I was under the impression that both sides needed it, because after I patched one end, it still didn't work for me, but after I patched both ends, it did. But maybe I screwed up something in the test. Evan
(In reply to comment #2) > I've applied the patch and the problem in generate_and_send_sums is > indeed fixed, but it appears to have just moved onto another much graver bug > which causes nothing to get transfered: I too saw an error trying to copy that file from planetmirror.com when I have a 4GB basis file on the receiving system, but it is the rsync daemon on the planetmirror.com server that is going away, so the only way to see what is wrong is to ask someone at that site to look in the rsync log and see if there are any errors. I tried a similar copy from two local rsync daemons (one running 2.6.2 and one running CVS), and neither one exhibited this failure, so it may be some kind of a resource problem on the planetmirror server (e.g. perhaps the daemon exceeded the ulimit memory limit).

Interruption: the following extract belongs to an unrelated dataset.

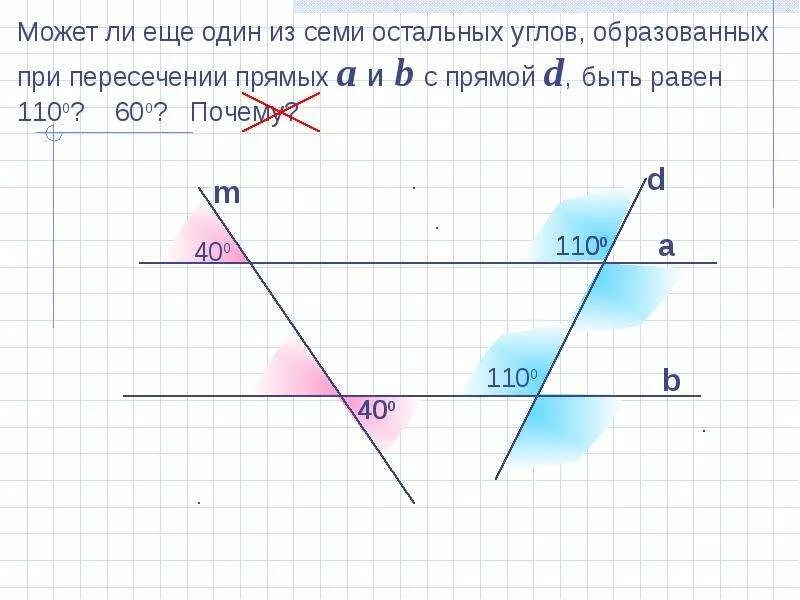 При пересечении 2 прямых а и б. Параллельны ли прямые a и b если угол 1 равен углу 2. могут ли пересечься две прямые. прямые а и b пересечены прямой д угол 1. при пересечении двух прямых с и, d.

OK, so assuming the fault was with rsync.planetmirror.com I retried this time using rsync.kernel.org, but seem to have hit another problem: After taking an eternity the file was downloaded, size was ultimately correct, upon which it barfed, deleted the tempfile and restarted. Because the file was automatically deleted I cannot confirm or deny if it actually had a bad checksum. ... chunk[66398] of size 66384 at 4407764832 offset=4407675447 chunk[66399] of size 4729 at 4407831216 offset=4407741831 got file_sum WARNING: FC3-test1-i386-DVD.iso failed verification -- update discarded (will try again). recv_generator(FC3-test1-i386-DVD.iso,0) recv_files phase=1 gen mapped FC3-test1-i386-DVD.iso of size 4407835945 generating and sending sums for 0 count=66400 rem=4729 blength=66384 s2length=16 flength=4407835945 chunk[0] offset=0 len=66384 sum1=48387eea chunk[1] offset=66384 len=66384 sum1=f402c97e (In reply to comment #6) > I too saw an error trying to copy that file from planetmirror.com when I have a > 4GB basis file on the receiving system, but it is the rsync daemon on the > planetmirror.com server that is going away, so the only way to see what is wrong > is to ask someone at that site to look in the rsync log and see if there are any > errors. I tried a similar copy from two local rsync daemons (one running 2.6.2 > and one running CVS), and neither one exhibited this failure, so it may be some > kind of a resource problem on the planetmirror server (e.g. perhaps the daemon > exceeded the ulimit memory limit).
Now when len is OFF_T is it possible that sum->count (which is size_t) in sum_sizes_sqroot() will rollover too at line: sum->count = (len + (blength - 1)) / blength; ? When we assume all variables have all bits set: 2^64 + (2^32 - 1) / 2^32 = 2^32 + 1 But sum->count can only represent 2^32 and thereofre sum->count will be 0. Did I made a mistake here?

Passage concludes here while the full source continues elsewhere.